Viglen cheers bulging sales and profits

System builder says rise in sales to academies helped swell top and bottom line last year

Public sector IT supplier Viglen has posted a solid rise in turnover and profits on the back of bulging sales to academy schools.

For its fiscal year to 30 September 2012, the St Albans-based system builder saw profit jump 45 per cent to £2.1m on revenue that rose seven per cent to £66.2m, according to a filing on Companies House.

Viglen put the increase down to new business it had won with academy schools, which it said replaced a decline in low-margin public sector sales.

It claims to have already been awarded or to have secured preferred bidder status on more than £14m worth of contracts via the Becta ICT Services framework, which it said is the main procurement route for the government's Free School programme. Most of these contracts will deliver in 2013.

Viglen focuses on pushing PCs, networking, software and services but said it will invest further in storage and high-performance computing in 2013.

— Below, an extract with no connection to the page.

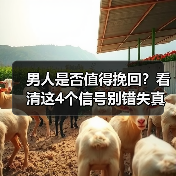 男人是否值得挽回?看清这4个信号别错失真爱(图3) 男人是否值得挽回?看清这4个信号别错失真爱(图3)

It said: "Although the marketplace within the public sector remains challenging, the company believes that the frameworks that it is on, together with the four ISO accreditations it now holds, put it in a strong place to not only maintain its market share in its core activities but to grow due to strong performances in academies and storage."

Sir Alan Sugar stepped down as Viglen chairman in 2009 but the firm has since been used to house Apprentice winners, most controversially series 10 victor Stella English, who recently lost her case of constructive dismissal against Viglen. The firm's headquarters are used to film several recurring scenes from the popular BBC series, including the ‘walk of shame' scene, where each week's fired candidate is dispatched in a taxi outside its building.

Average employee numbers for the year stood at 176, up 12 on the previous year, with 44 working in production and warehousing and 132 in sales and administration. Viglen's wage bill rose by seven per cent to £6m, meaning the average employee was paid just over £34,000. Directors' pay rose to just over £315,000.